Saved entries:
####
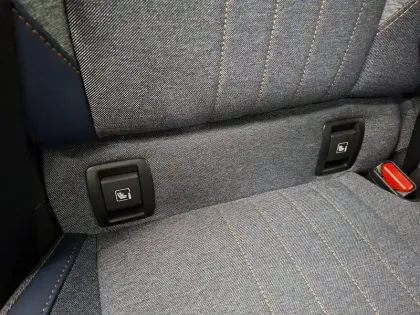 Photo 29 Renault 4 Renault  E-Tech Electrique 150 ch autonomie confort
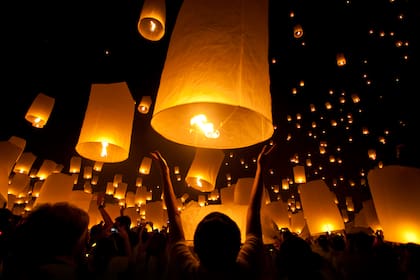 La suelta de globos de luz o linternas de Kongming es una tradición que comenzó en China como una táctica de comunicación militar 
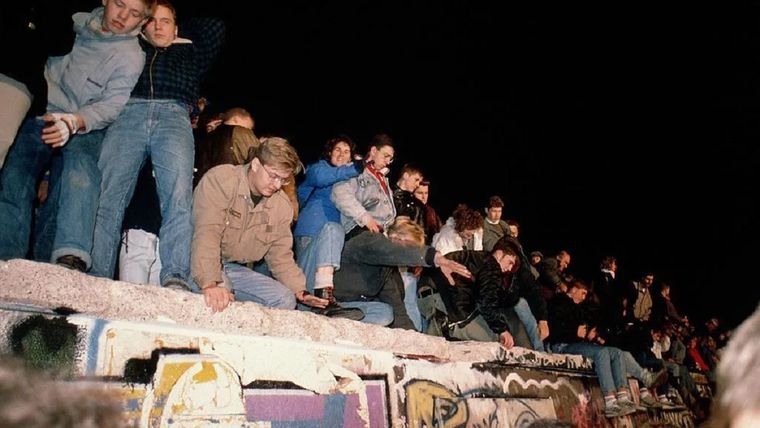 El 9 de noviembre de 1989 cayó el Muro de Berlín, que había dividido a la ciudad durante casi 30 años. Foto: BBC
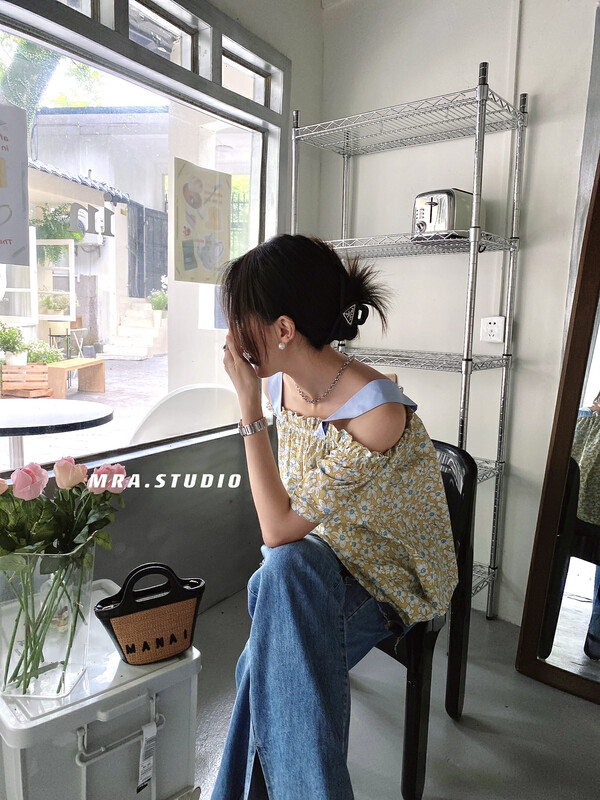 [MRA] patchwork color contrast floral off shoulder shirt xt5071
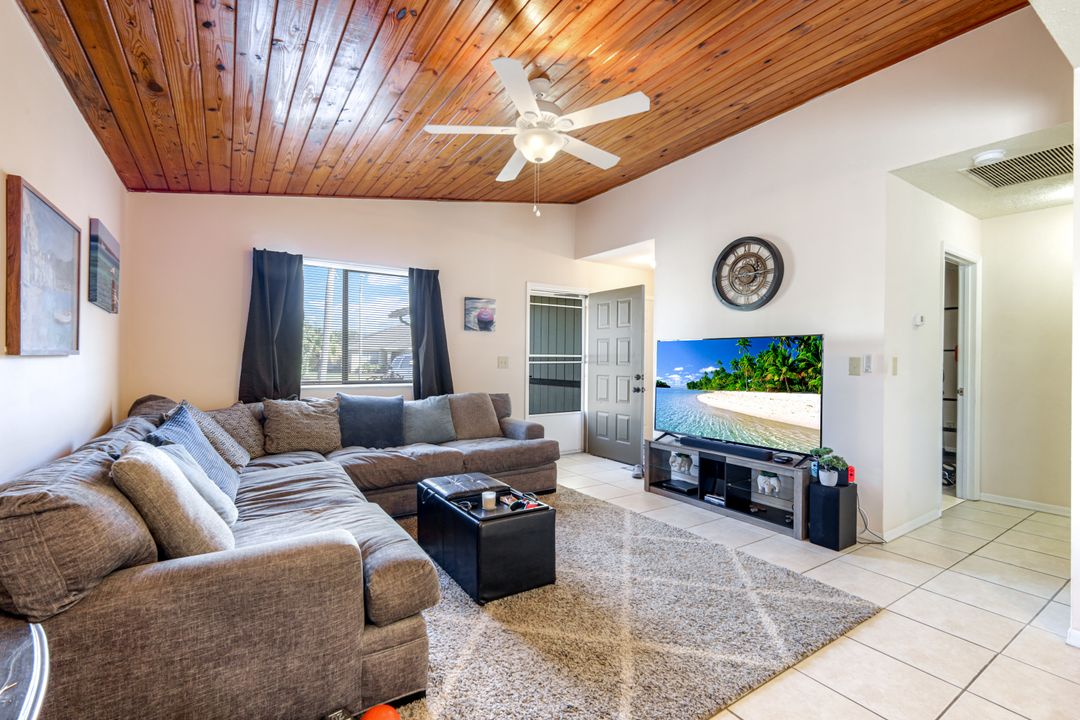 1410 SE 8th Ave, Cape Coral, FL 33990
####
Leave the pictures aside and output each entry exactly as it stands.

 Photo 29 Renault 4 Renault  E-Tech Electrique 150 ch autonomie confort
 La suelta de globos de luz o linternas de Kongming es una tradición que comenzó en China como una táctica de comunicación militar 
 El 9 de noviembre de 1989 cayó el Muro de Berlín, que había dividido a la ciudad durante casi 30 años. Foto: BBC
 [MRA] patchwork color contrast floral off shoulder shirt xt5071
 1410 SE 8th Ave, Cape Coral, FL 33990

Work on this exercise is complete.